Not to be elitist or anything, but most people are stupid fucking idiots whose heads are filled with such complete shite that even being near them gives me chills.

Basically, it’s important for me to keep track of the bottom line: complete and total rehauling of our current society. Not with guns, but with joyful rebellion of the everyday kind: by living as humans should live. Instant revolution. It’s a lot easier than you think. Affirming and celebrating the choices that lead to revolutionary and transformative living is a good part of why I decided to step into the murky blogging waters.

Of course, it only half works. People with hearts can’t go completely underground and become so consumed with perfecting their lives that they turn a blind eye to the structures that are busy undoing all their righteous recycled-paper toilet paper purchases. It’s important to still do insanely boring things like going to town board meetings and working for progressive candidates.

Because of that, most people I know are caught in a weird inbetween place where we are constantly weighing buying stuff from Wal-Mart and saving money vs. buying from small companies and feeling a little bit like suckers for paying more. Wouldn’t it be better to just buy from Wal-Mart and donate the money saved? No. For one thing, you are not going to donate the money, let’s just face it. For another: fuck Wal-Mart.
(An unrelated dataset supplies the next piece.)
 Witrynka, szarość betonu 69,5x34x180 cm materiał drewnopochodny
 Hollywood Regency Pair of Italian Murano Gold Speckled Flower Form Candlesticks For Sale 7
Let me expand/expound on that.

* * *

The other day the owner of a local pizzeria came into my kitchen with a nice pressed appearance (chinos, polo shirt, short hair) and a little name tag and chatted for a minute, all business owner-to-business ownery. He told me that he had a little side business drumming up business for Sam’s Club and started telling me all about the money I could save with a Sam’s Club membership. When I politely told him I would rather die (not in those exact terms), he said he completely understood the political reasons not to buy from Wal-Mart and Sam’s Club, but the money you could save was ridiculous. And he said I could fill out some “business form” and all my purchases would magically be tax-free. This whole episode was mildly alarming – is there really such a tax loophole? Does Sam’s Club operate via pyramid scheme these days? Was the pizzeria really that slow?

* * *

Recently a Lowe’s Hardware moved in way too close to my little town. There was a lot of resistance to it, but it was located just on the border of New Paltz in the town next door, so really there is nothing we could do about it. It annoyed a lot of people in town because there is a Lowe’s twenty minutes away in three directions. Seriously. North, south, and east – go twenty minutes and you’ll hit a Lowe’s.

After it opened, some idiot wrote a letter to the paper saying that he had seen one of the town board members who had passionately argued against the Lowe’s in that very store buying some lumber or something.

WTF people. Let me break it down for you in handy bulleted points:

-Lowes is a big box store, and thus is actively fucking over the planet.

-In an ideal world we would have lovely independent warehouse-type stores who would source ethically and responsibly, pay their employees well, etc.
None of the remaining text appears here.